── SOURCE MATERIAL ──

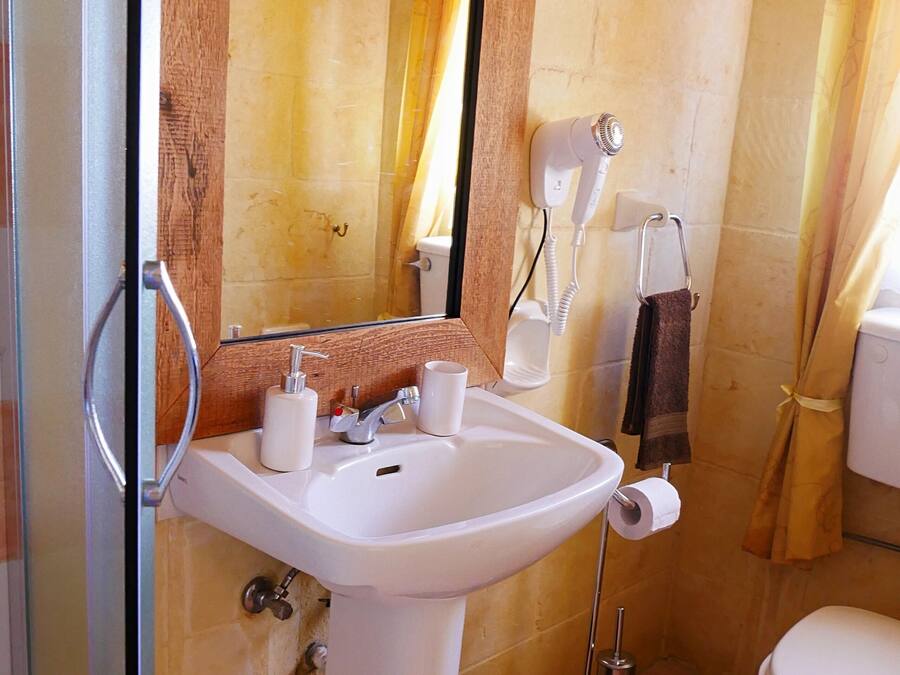 A bathroom with a white sink, a mirror, a hairdryer, and a toilet.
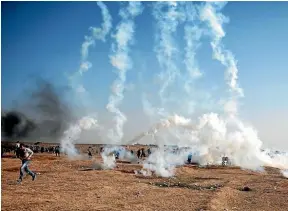  ?? AP ?? Palestinia­n protesters run for cover from tear gas fired by Israeli troops at the Gaza Strip’s border with Israel, a day after Israeli troops firing from across a border fence killed dozens of Palestinia­ns and wounded more than 2700 at a mass protest...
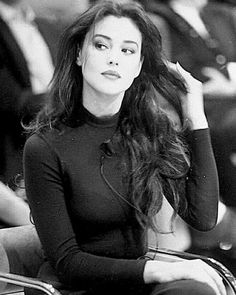 a black and white photo of a woman with long hair sitting in front of people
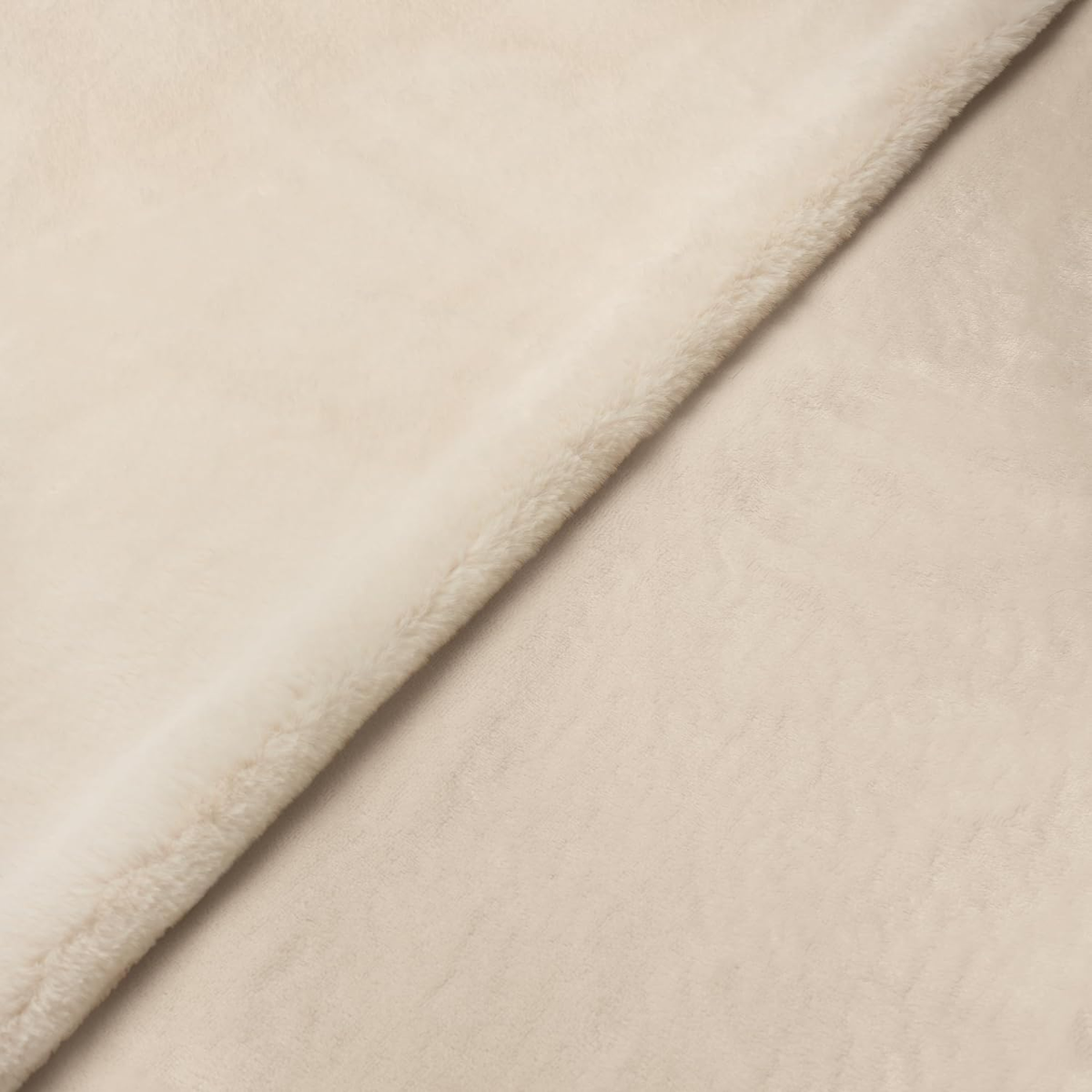 Una coperta di peluche color crema piegata.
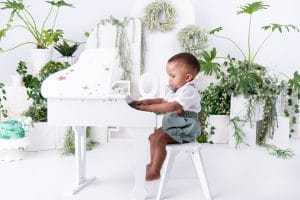 Nkanyezi sitting at a white piano during his cake smash photoshoot in Pretoria.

───

AIM OF THE EXERCISE:
Print out the records in full and exactly, dropping every picture.

TASK SOLUTION:
 A bathroom with a white sink, a mirror, a hairdryer, and a toilet.
  ?? AP ?? Palestinia­n protesters run for cover from tear gas fired by Israeli troops at the Gaza Strip’s border with Israel, a day after Israeli troops firing from across a border fence killed dozens of Palestinia­ns and wounded more than 2700 at a mass protest...
 a black and white photo of a woman with long hair sitting in front of people
 Una coperta di peluche color crema piegata.
 Nkanyezi sitting at a white piano during his cake smash photoshoot in Pretoria.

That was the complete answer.